Operasi Pencarian Korban Longsor di Tapanuli Tengah
Di tengah hujan deras dan tanah yang masih labil, personel SAR Batalyon A Pelopor Brimob terus berupaya mengevakuasi korban longsor yang terjadi di Sibolga dan Tapanuli Tengah. Upaya pencarian ini dilakukan bersama dengan Tim SAR Gabungan, yang berlangsung pada Sabtu (13/12/2025). Akhirnya, dua warga ditemukan dalam kondisi meninggal dunia.
Dua Satuan Setingkat Regu (SSR) Batalyon A Pelopor diterjunkan ke lokasi yang berbeda. Regu pertama, yang dipimpin oleh Bripka Ahmad Anwar Matondang, melakukan evakuasi di Jalan Zainul Basri Hutagalung, Desa Matauli, Kecamatan Pandan. Sementara itu, regu lainnya yang dipimpin oleh Brigpol Roy Frans Purba menyisir area longsor di Desa Haloban Bair, Kecamatan Tapian Nauli, Kabupaten Tapanuli Tengah.
Operasi ini berlangsung dalam medan yang sangat berat. Tanah basah dan risiko longsoran susulan membuat setiap langkah menjadi sangat berbahaya. Seluruh pergerakan personel dikoordinasikan langsung oleh Komandan Batalyon A Pelopor, Kompol Mukhtar I. Kadoli, yang memastikan sinergi antartim berjalan cepat dan aman.
Di Desa Haloban Bair, Brimob bersama Tim SAR Gabungan berhasil menemukan korban pertama, EH (64), pada pukul 14.05 WIB. Tak lama kemudian, sekitar pukul 14.55 WIB, korban kedua, ZH (61), juga ditemukan. Keduanya merupakan warga setempat. Proses evakuasi dilakukan secara hati-hati sebelum jenazah diserahkan kepada keluarga untuk dimakamkan.
Bagi keluarga korban, kehilangan ini meninggalkan duka mendalam. Namun di tengah kesedihan, mereka menyampaikan apresiasi atas ketekunan dan kerja tanpa henti personel Brimob yang berjibaku dengan lumpur dan waktu.
Longsor ini kembali menunjukkan bahwa di saat bencana datang, para petugas di lapangan menjadi garda terakhir yang memastikan korban tak dibiarkan sendiri. Mereka bekerja keras meski dalam kondisi yang tidak menguntungkan, demi menjaga keselamatan dan keamanan masyarakat.

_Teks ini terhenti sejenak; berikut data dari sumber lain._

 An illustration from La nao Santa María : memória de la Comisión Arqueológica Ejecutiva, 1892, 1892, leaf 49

Peran Tim SAR dalam Penyelamatan Korban
Tim SAR Gabungan dan Batalyon A Pelopor Brimob memiliki peran penting dalam operasi penyelamatan korban longsor. Mereka tidak hanya bertugas mencari korban, tetapi juga membantu proses evakuasi dengan penuh tanggung jawab. Dengan medan yang sulit dan cuaca yang tidak menentu, tindakan mereka sangat dibutuhkan.

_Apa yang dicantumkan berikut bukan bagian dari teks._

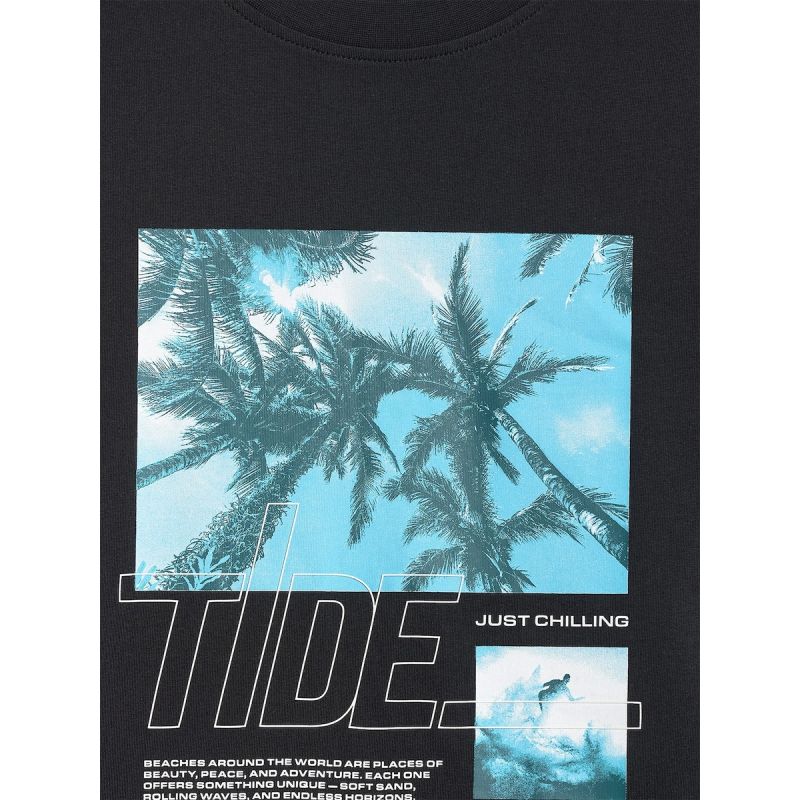 4F Men's regular printed T-shirt póló 4FRSS26TTSHM4321-20S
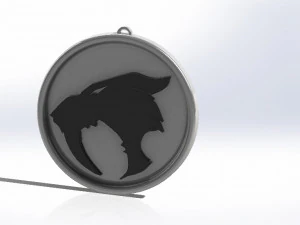 Tiger-Anh&auml;nger 3D Druckmodell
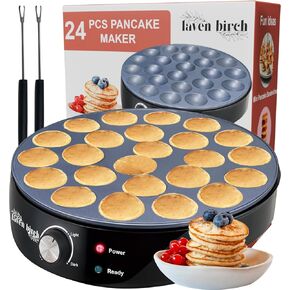 16 PCS Mini Waffle Maker Machine, Nonstick Waffles Iron Quick Heat-Up Surface, Simple & Easy Tiny Chaffle Baker for Home & Restaurants, Small Bites for Kids, Perfect for Breakfast, Desserts & Snacks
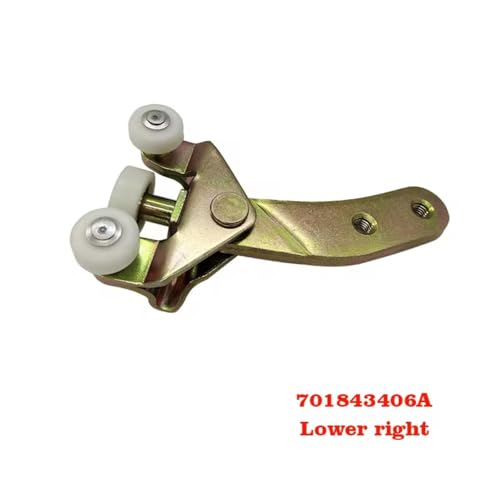 Galet de porte Eurovan 701843406A guide inférieur robuste en acier - 2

Beberapa faktor yang memengaruhi operasi ini antara lain:
- Kondisi medan yang berat, termasuk tanah yang basah dan rentan longsor.

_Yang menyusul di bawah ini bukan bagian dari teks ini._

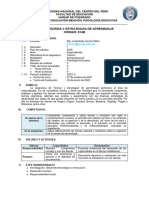 Silabo Teorías y Estrategias de Aprendizaje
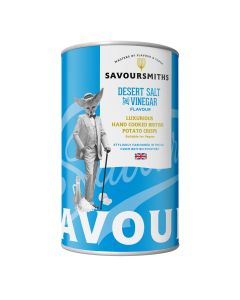 Savoursmiths - Desert Salt & Vinegar Flavour Potato Crisps in Tin - 12 x 100g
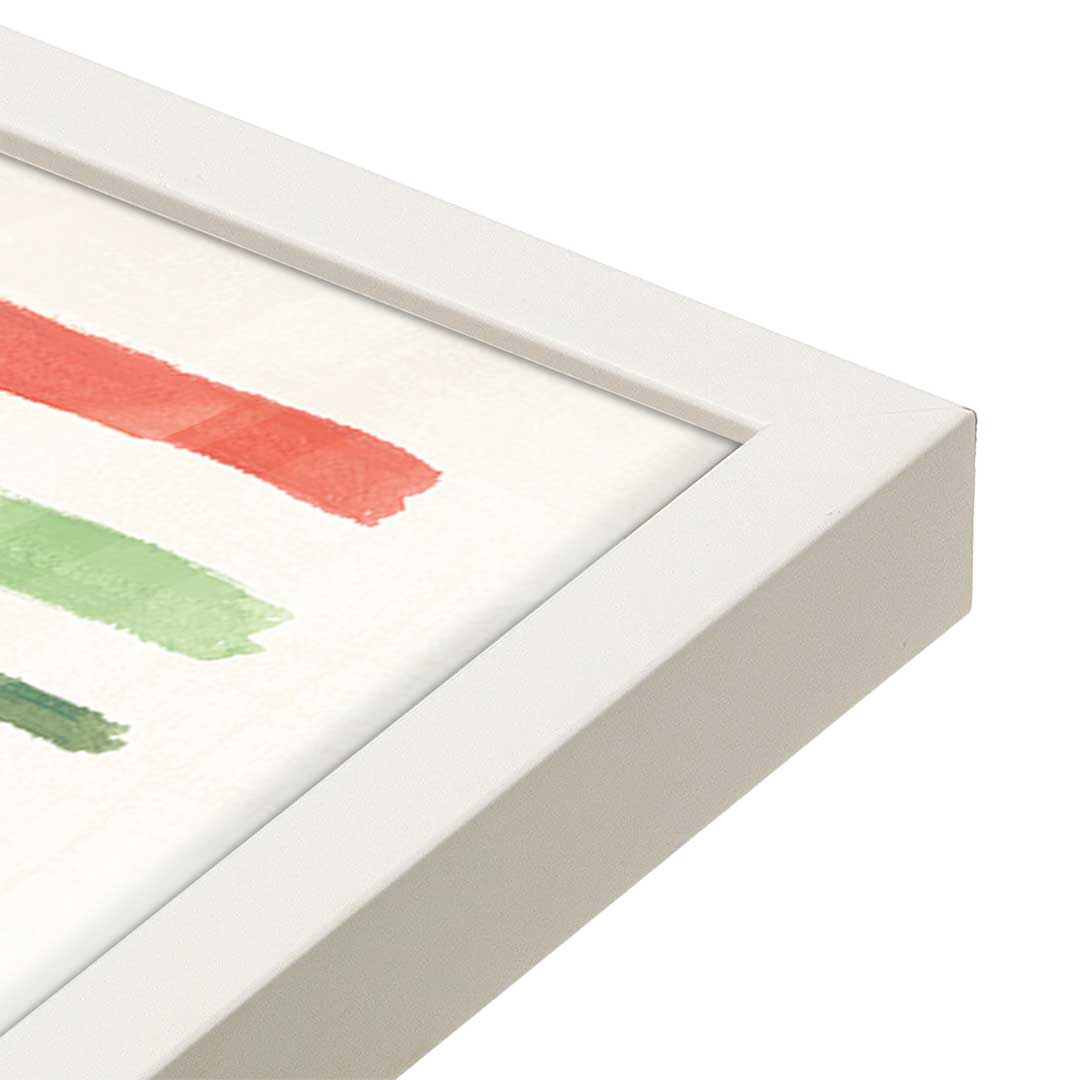 [Color:Opaque White], Picture of art in a Opaque White frame at an angle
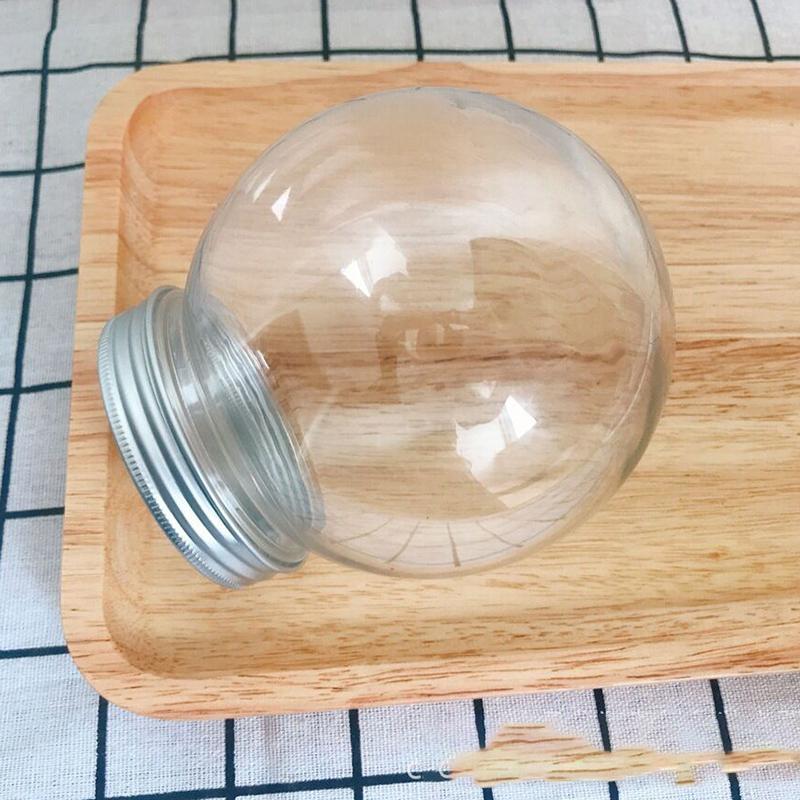 WTEMPO Classic Plastic Bottles with Aluminum Caps Round Shaped Design Crafts DIY Fillable Bottoles Christmas Festive Home & Kitchen Party Supplies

- Waktu yang terbatas untuk menemukan korban sebelum risiko tambahan muncul.
- Koordinasi tim yang sangat penting agar semua upaya bisa berjalan efektif dan aman.
Selain itu, penggunaan alat dan teknologi modern juga memberikan kontribusi besar dalam proses pencarian dan evakuasi. Teknologi seperti drone dan alat pendeteksi suara digunakan untuk mempercepat pencarian korban yang terkubur di bawah tanah.
Duka yang Mendalam
Kejadian ini meninggalkan duka yang mendalam bagi seluruh masyarakat di wilayah tersebut. Keluarga korban merasa kehilangan orang tercinta, namun mereka juga mengapresiasi usaha dan dedikasi dari para petugas yang terlibat dalam operasi penyelamatan. Mereka berharap semoga kejadian seperti ini tidak terulang lagi di masa depan.
Kesimpulan
Longsor yang terjadi di Tapanuli Tengah menjadi bukti betapa pentingnya keberadaan tim SAR dan petugas darurat dalam situasi bencana. Meskipun dihadapkan pada tantangan yang berat, mereka tetap berjuang tanpa henti untuk menyelamatkan nyawa dan memberikan dukungan kepada korban. Dengan kerja sama yang baik dan komitmen yang tinggi, mereka menjadi harapan bagi masyarakat yang terkena dampak bencana.